» Task statement
Exact transcription, pictures omitted: begin at the top line of the records below and end with the line bearing "F1 partners with".

(Scraped caption text data)

※ ※ ※

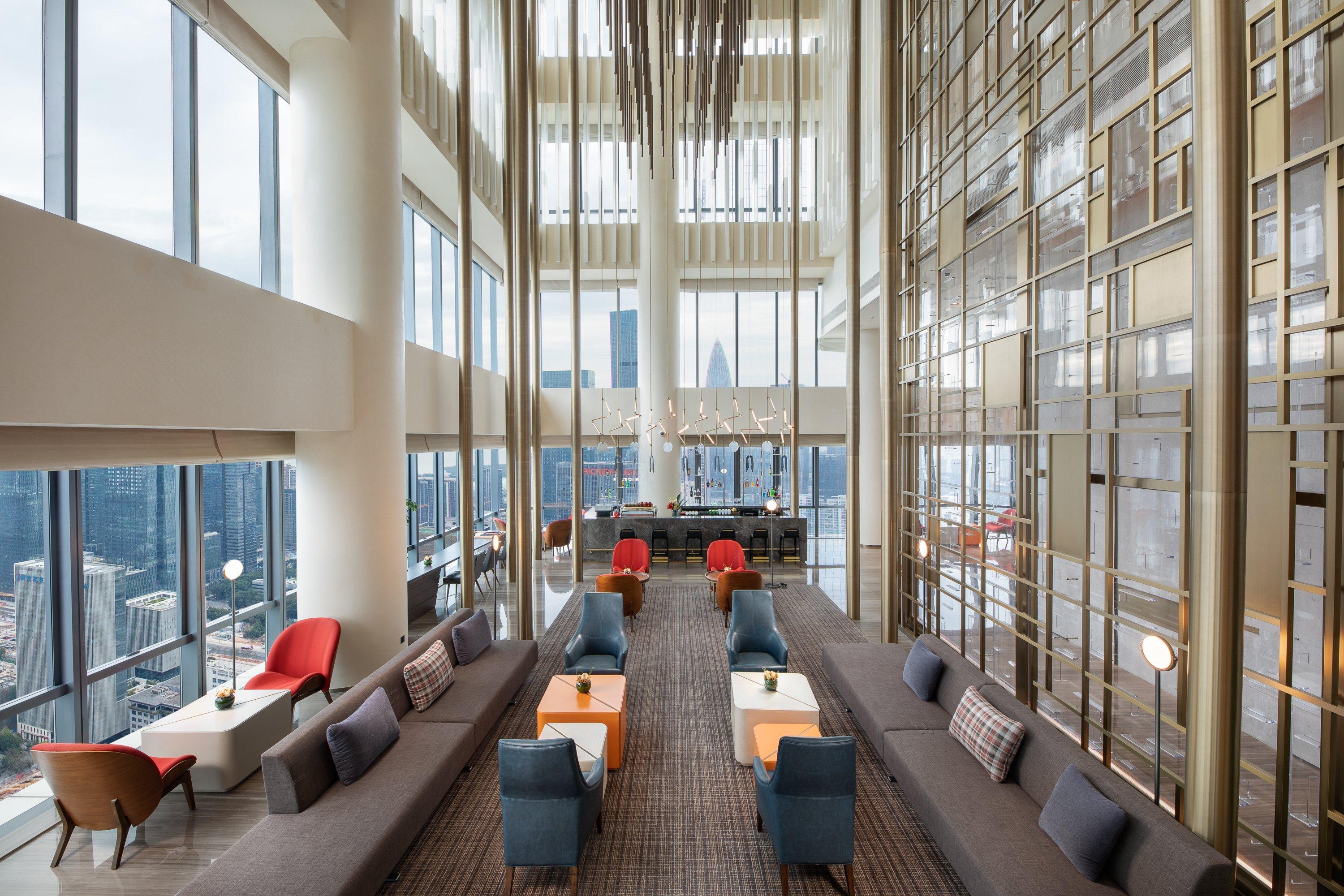 Crowne Plaza Shenzhen Nanshan By Ihg Ngoại thất bức ảnh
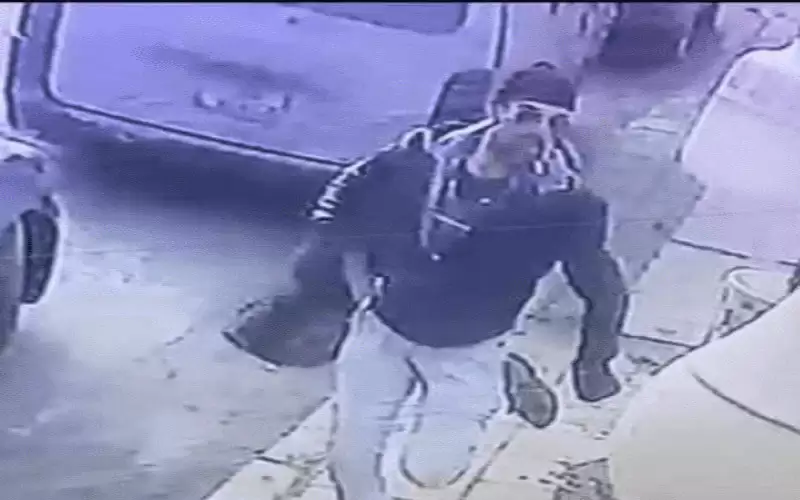 ضبط مجرم سلب مبلغ 76 ألف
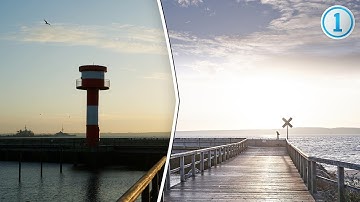 How Can You Improve Harsh Contre-Jour Landscape Photos In 5 Min? Blit Capture One 10 Pro Tutorial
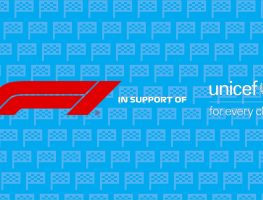 F1 partners with UNICEF to help victims of Tukrish and Syrian earthquakes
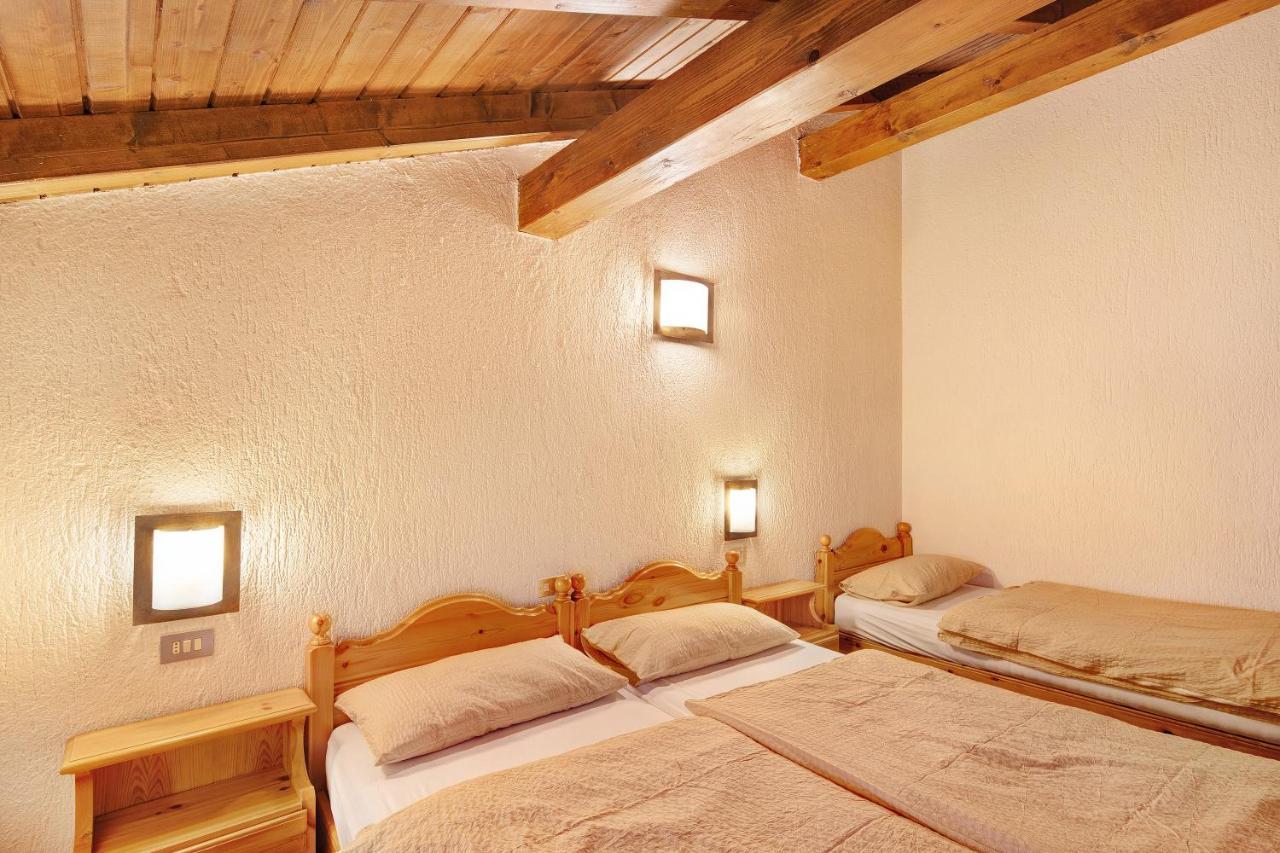 Chalet Meridiana Appartamento 10 Livigno Exterior foto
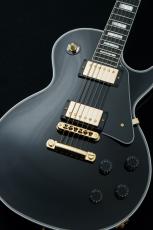 Gibson Les Paul Custom w/ Ebony Fingerboard Gloss- Ebony- 【4.58kg】【洗練されたデザイン】_7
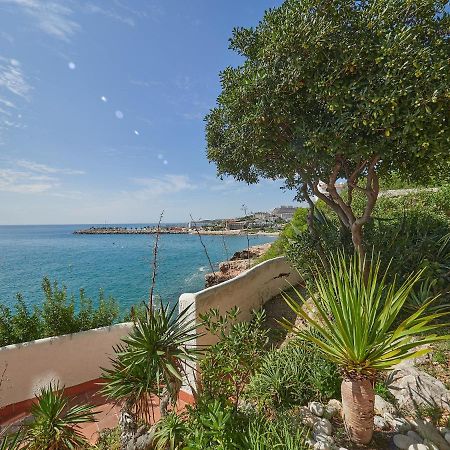 Azur Window Apartman Sitges Kültér fotó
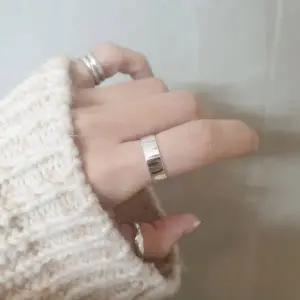 [골드스마일]S147 여성 1돈 기본 반지 여성 링 데일리 은반지 (실버 925) 우정반지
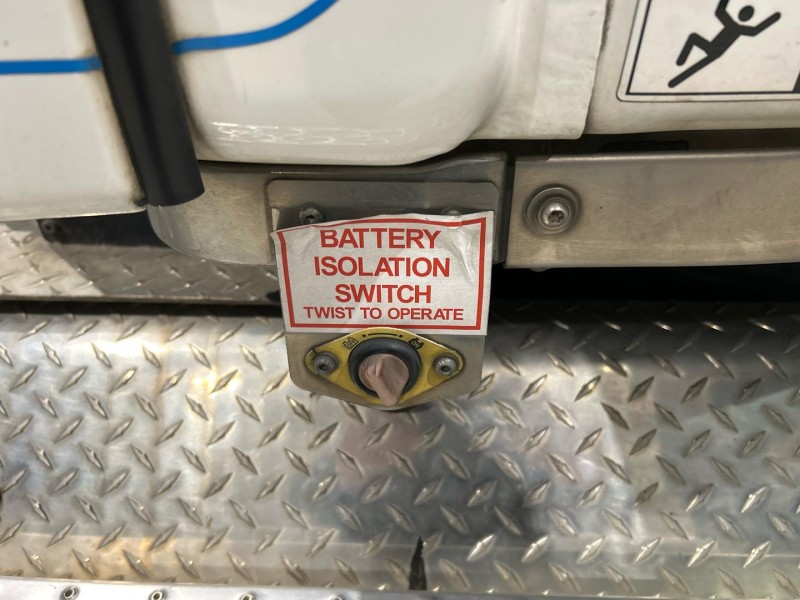 2022 Freightliner Cascadia 116 Day Cab 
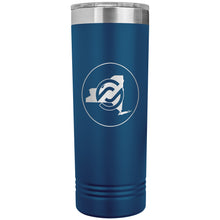 Load image into Gallery viewer, Partner.Co | New York | 22oz Skinny Tumbler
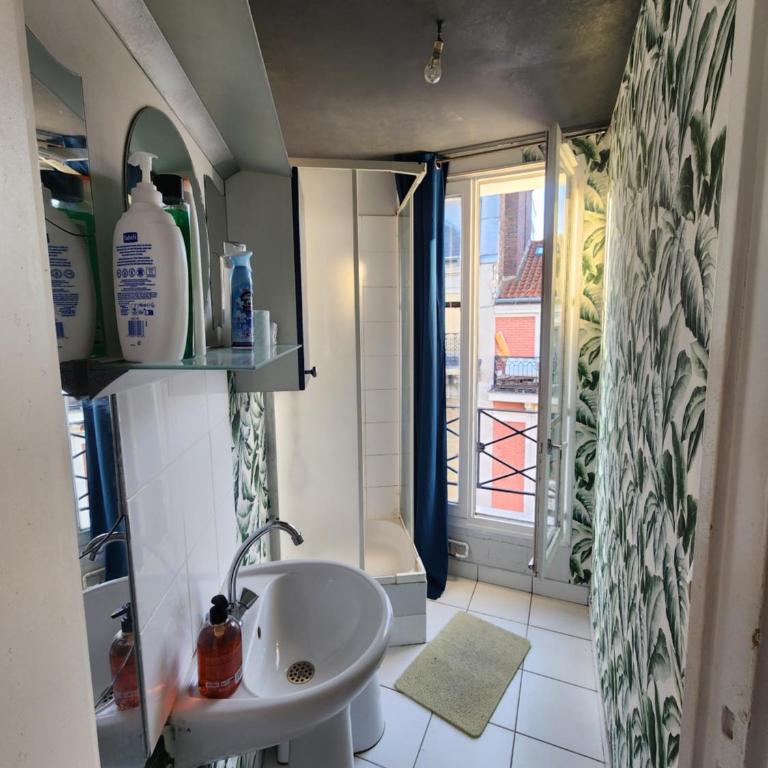 Quiet Cosy Apartment near Montmartre - Paris - Appartement 1 Chambre - 11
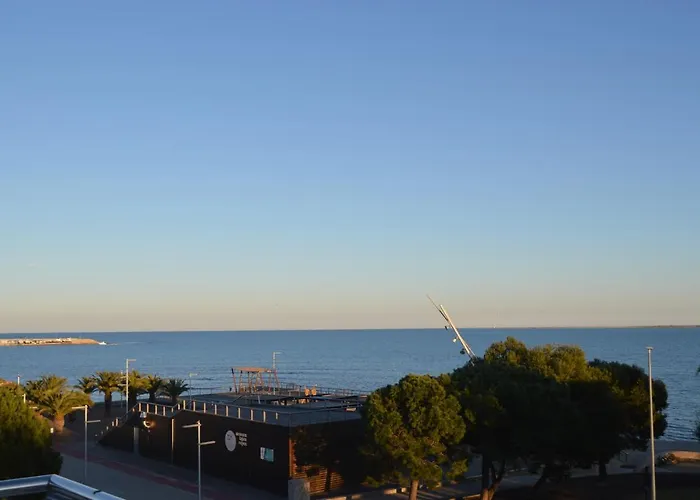 Holiday home Casa Mar I Sol L'Ampolla
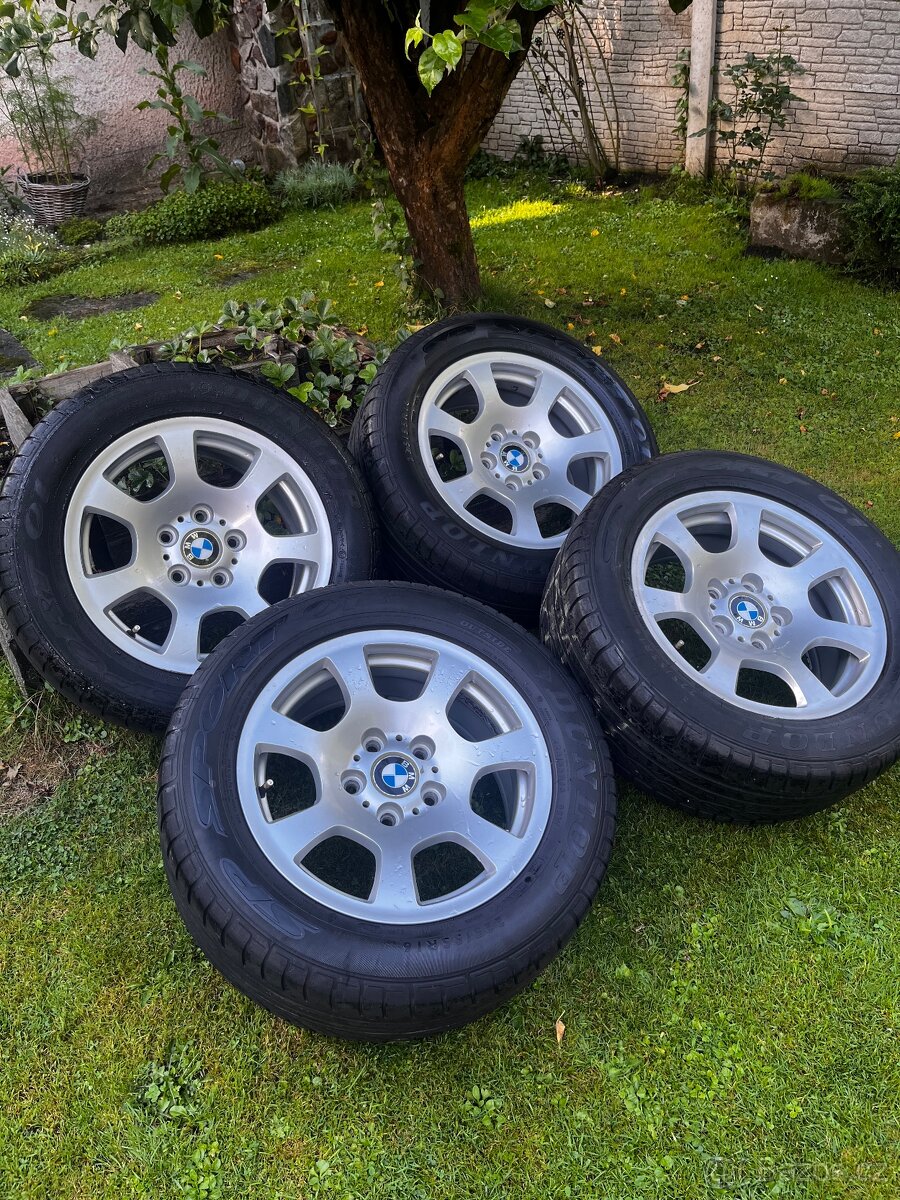 ALU kola 5x120 R16-225/55 r16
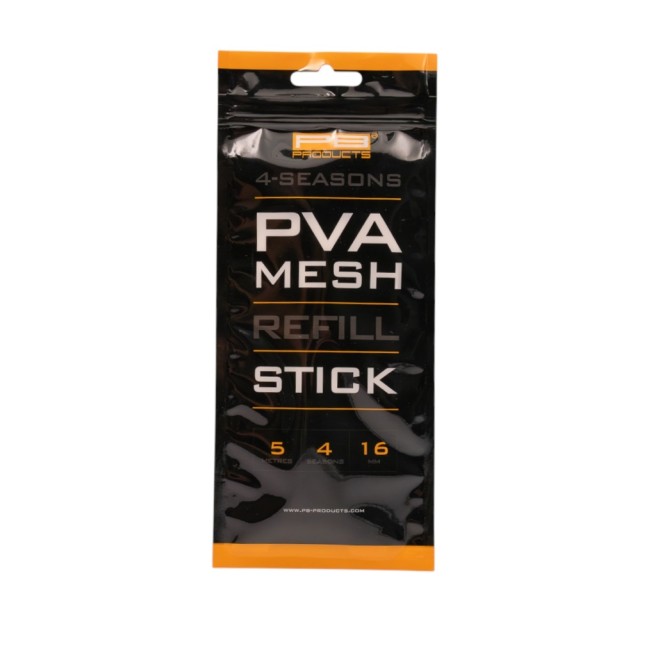 PB Products 4-Seasons PVA Mesh Bastone di ricarica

※ ※ ※

» Written response
 Crowne Plaza Shenzhen Nanshan By Ihg Ngoại thất bức ảnh
 ضبط مجرم سلب مبلغ 76 ألف
 How Can You Improve Harsh Contre-Jour Landscape Photos In 5 Min? Blit Capture One 10 Pro Tutorial
 F1 partners with UNICEF to help victims of Tukrish and Syrian earthquakes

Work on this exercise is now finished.